Sin la seguridad que ofrecen estas condiciones materiales, la proclividad de los individuos hacia el rompimiento de las normas y los principios que funcionan a manera de argamasa de la sociedad se acrecienta con el paso del tiempo. De ahí surge la incontrolable disfuncionalidad que la gente cree que se remedia metiendo a todos los delincuentes a la chirona, como lo hace Bukele en El Salvador.

Una sociedad desintegrada se produce en ausencia de principios rectores que acompañan la interacción cotidiana de los individuos; las “reglas esenciales” para mantener el equilibrio del sistema que argüía Morton Kaplan; el “contrato social” de Rousseau. A partir de esa condición de irrespeto por las normas, exhibidas no solo por los pillos, sino también por líderes que creímos honorables, las leyes adquieren significados relativos e interpretaciones legalistas, pero inmorales, dependiendo de la astucia del jurisconsulto.

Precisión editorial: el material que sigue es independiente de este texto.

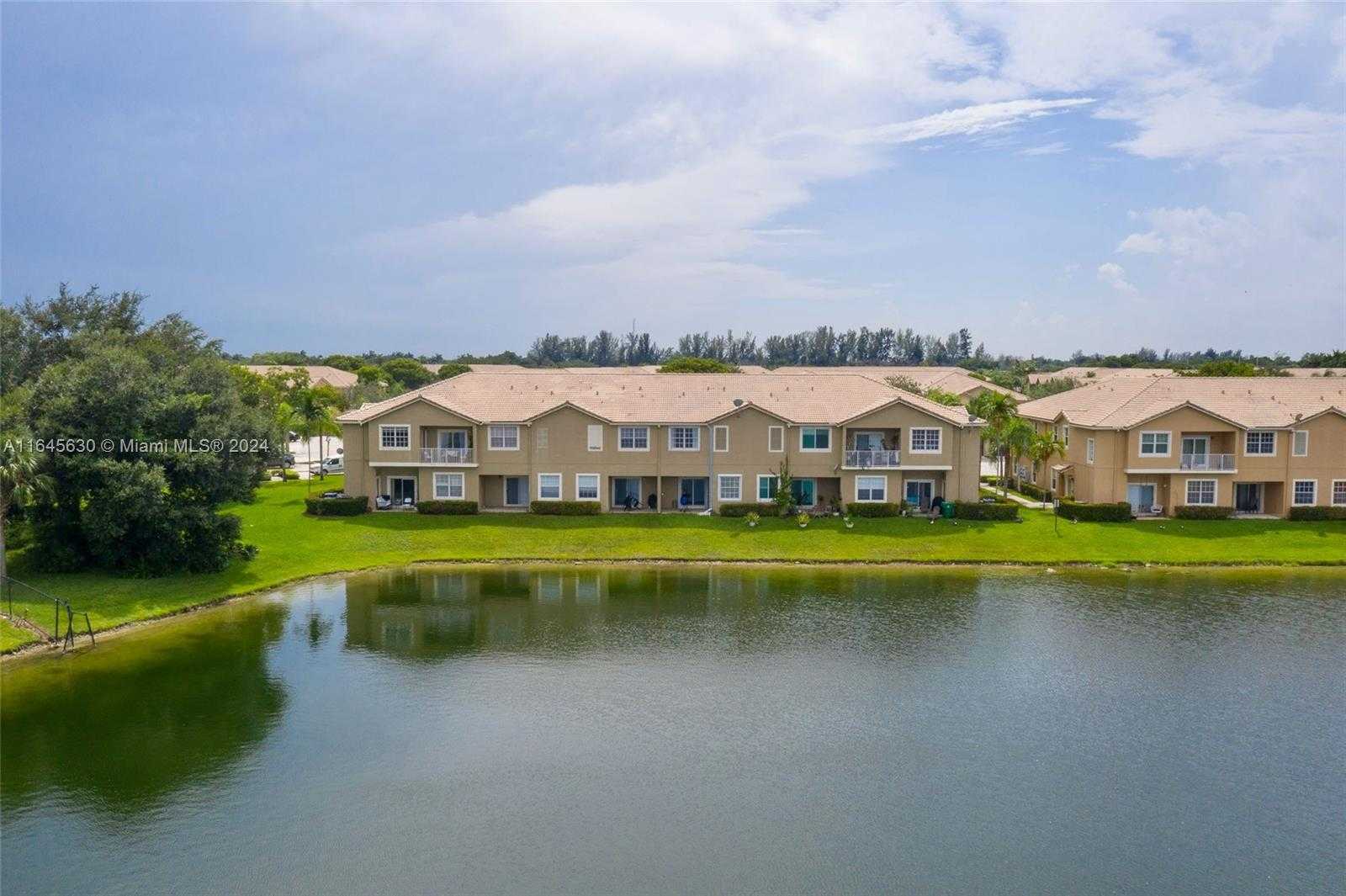 Small Image of 4331 SOUTH WEST 131ST LN #3102, Miramar Number 43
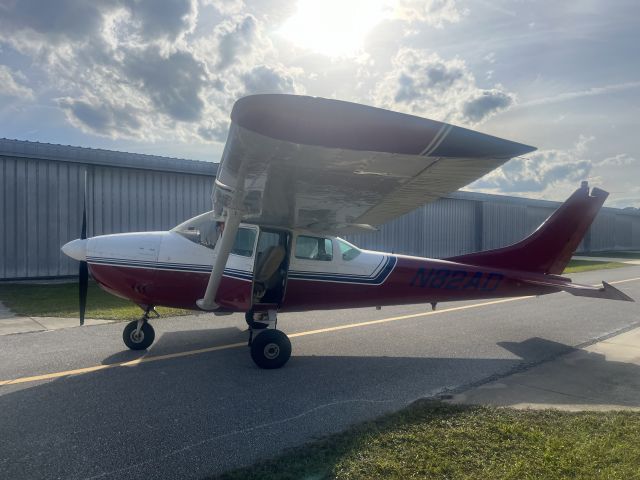 Cessna Skylane (N82AD) - Returned from flight and saw a good picture opportunity!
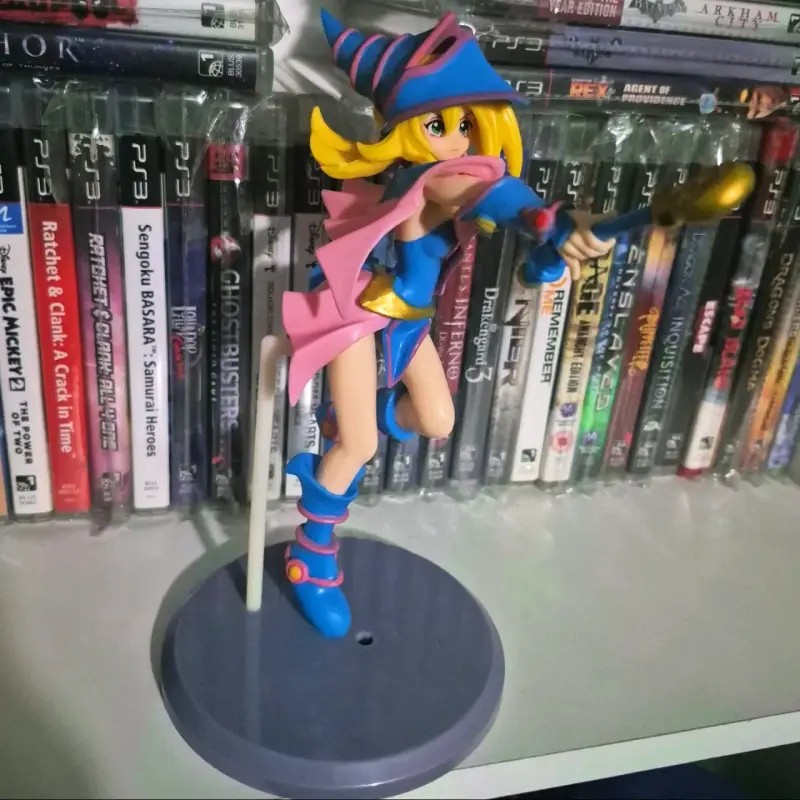 Figura Maga Oscura de Yu-gi-oh - 1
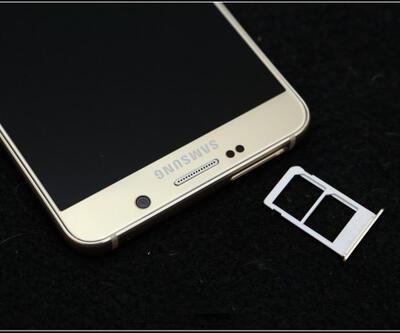 Galaxy Note 5, çift SIM kartlı versiyonu ile karşımıza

Así, el funcionario corrupto, el sicario, o el extorsionador que esquilma al honrado empresario, mide las consecuencias de sus actos, no por el balance que impone la estructura de recompensas y castigos, sino por la escapada legal, el fraude procesal y la arbitraria aplicación de la justicia. El resultado de esta entropía jurídica es que la capacidad de contención de los cuerpos policiales llega a ser insuficiente, mientras el sistema colapsa. Lo de Bukele es uno de los peores fraudes de la historia, al tiempo que medio mundo supone que el crimen se remedia construyendo megaprisiones. ¡Pobres inocentes!

Recomponer una sociedad desordenada y desintegrada lleva años de trabajo, porque no solo es cuestión de agendas de partidos políticos o de la predestinación de líderes iluminados que juran haber descubierto la fórmula mágica. Sin una condición de crecimiento económico sostenible que se refleje en una distribución de la riqueza -no en regalías que solo benefician a los parásitos del Estado- y en una asepsia moral en las instituciones y gremios, los ciudadanos difícilmente podrán percibir un cambio profundo, lo suficiente como para interactuar, modelar y conducirse de acuerdo a valores y reglas claramente establecidas. Eso se llama cultura, y la argamasa de la cultura son los principios y las normas bien observados que mantienen en equilibrio el sistema social.

Sin el caldo de cultivo de la disponibilidad de recursos, de oportunidades ofrecidas por la bonanza y el progreso, el respeto por la autoridad se viene abajo, al tiempo que la balanza se inclina hacia el lado menos conveniente. Peligrosa situación esta, porque, en condiciones de anarquía, el despreciable autoritarismo no tarda en asomar la cabeza.